--- RECORD SET Enclosed Below ---

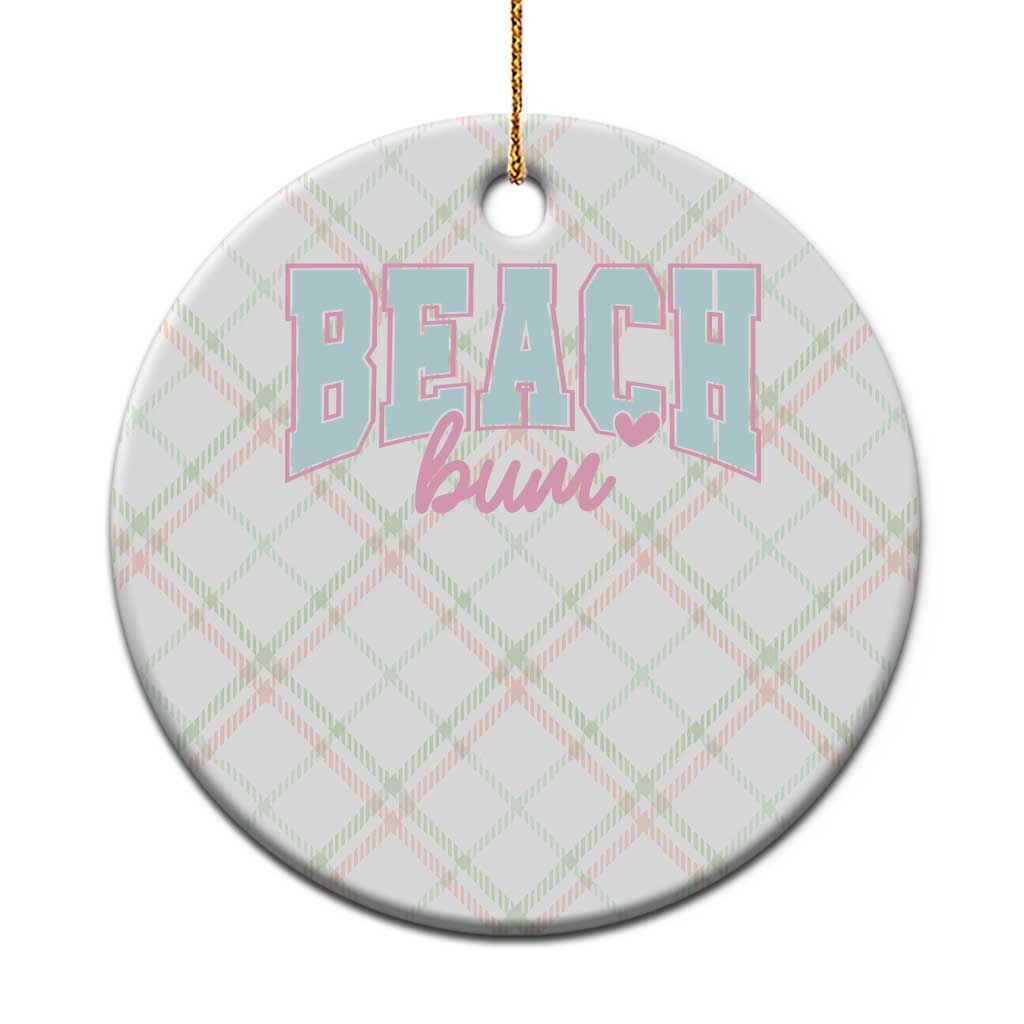 Beach Bum Ceramic Ornament Summer Vacation Beach Lovers
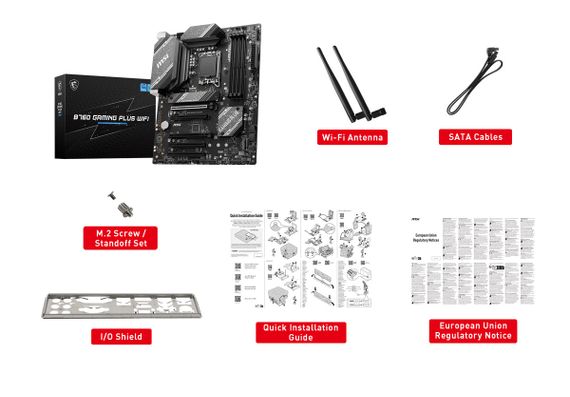 Материнcька плата MSI B760 GAMING PLUS WIFI B760 4xDDR5 M.2 HDMI DP WiFi BT ATX 911-7D98-046 | Зображення 1
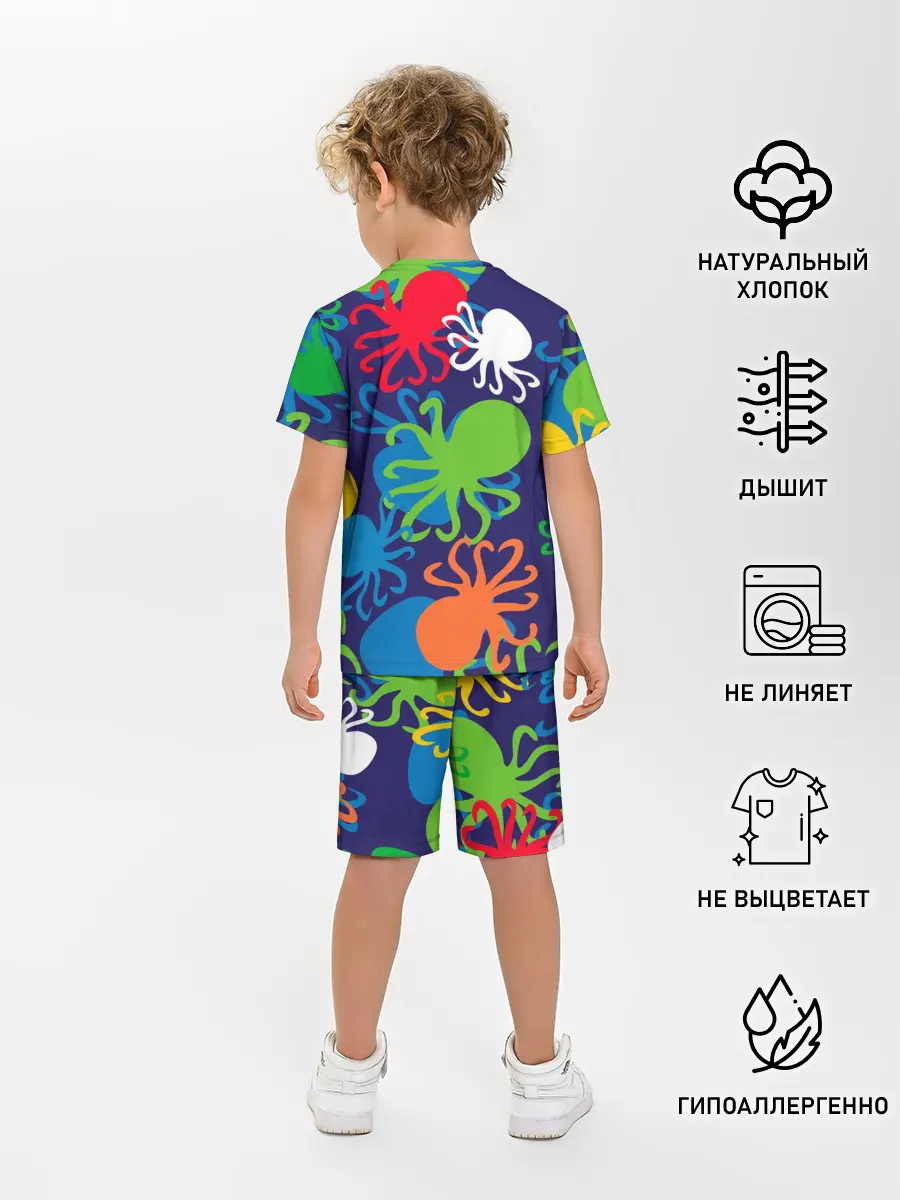 Детская пижама с шортами / Осьминоги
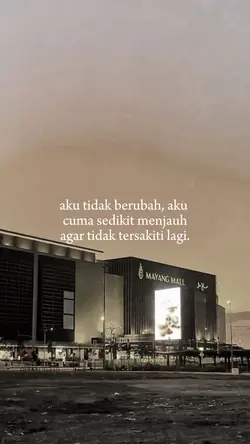 menjauh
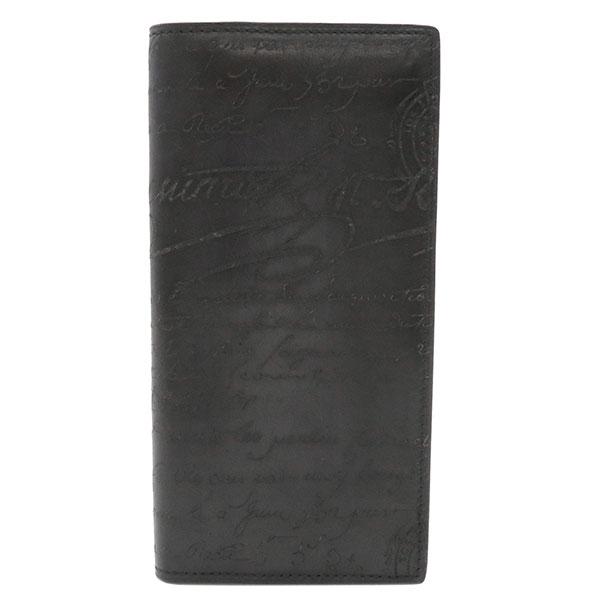 最新作 定価19.1万円 ベルルッティ サンタル スクリットレザー二つ折り長財布 Berluti ベルルッティ 長財布 サンタル ロング ウォレット ブラック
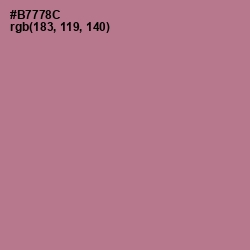 #B7778C - Turkish Rose Color Image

--- End of Enclosed RECORD SET ---

### ABOUT THIS EXERCISE
Reproduce the material above in full and without alteration, but skip all pictures.

### ANSWER FOR THE TASK
 Beach Bum Ceramic Ornament Summer Vacation Beach Lovers
 Материнcька плата MSI B760 GAMING PLUS WIFI B760 4xDDR5 M.2 HDMI DP WiFi BT ATX 911-7D98-046 | Зображення 1
 Детская пижама с шортами / Осьминоги
 menjauh
 最新作 定価19.1万円 ベルルッティ サンタル スクリットレザー二つ折り長財布 Berluti ベルルッティ 長財布 サンタル ロング ウォレット ブラック
 #B7778C - Turkish Rose Color Image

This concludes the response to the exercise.